Numerically, one observes a strong bias towards $f_1(n)$ being larger than $f_2(n)$. In fact, the paper

Robert J. Lemke Oliver, Kannan Soundararajan: Unexpected biases in the distribution of consecutive primes

states a fairly general conjecture which would imply that $$ \lim_{n \rightarrow \infty} \frac{\log(f_1(n) - f_2(n))}{\log{n}} \ = \ 1. $$ The outcome of numerical computations seems to be in line with this claim.

Question: Which is the strongest result in this direction which is currently known, or which can be derived from known results by straightforward methods? -- In particular, can it at least be shown that there is no $n$ such that $f_2(n) > f_1(n)$?

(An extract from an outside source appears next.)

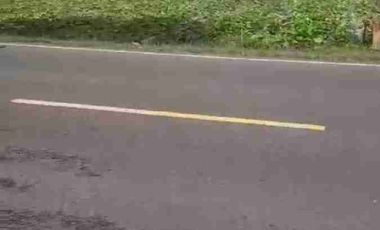 jual murah tanah jln dendeles purworejo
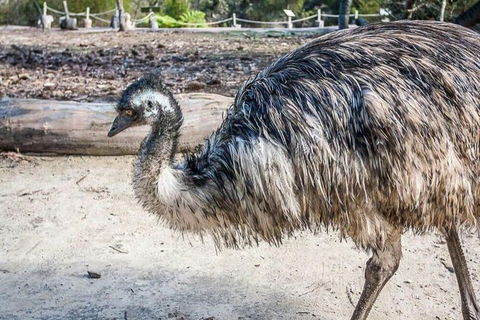 Hunter Valley Wine & Wildlife Tour (Private Tour From Sydney) - Accommodation Great Ocean Road 3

The following plots of the ratio $q(n) := f_1(n)/f_2(n)$ and of the difference $d(n) := f_1(n) - f_2(n)$ range from $n = 2^{12}$ to $n = 2^{34}$ in logarithmic scale on the horizontal axis, and from $q(n) = 1$ to $q(n) = 2$ in linear scale, respectively, from $d(n) = 1$ to $d(n) = n$ in logarithmic scale, on the vertical axis:

plots of the ratio f_1(n)/f_2(n) and of the difference f_1(n)-f_2(n)

Observe that while the graph of $d$ almost looks like a straight line, it seems to have in fact a slightly, but steadily increasing slope.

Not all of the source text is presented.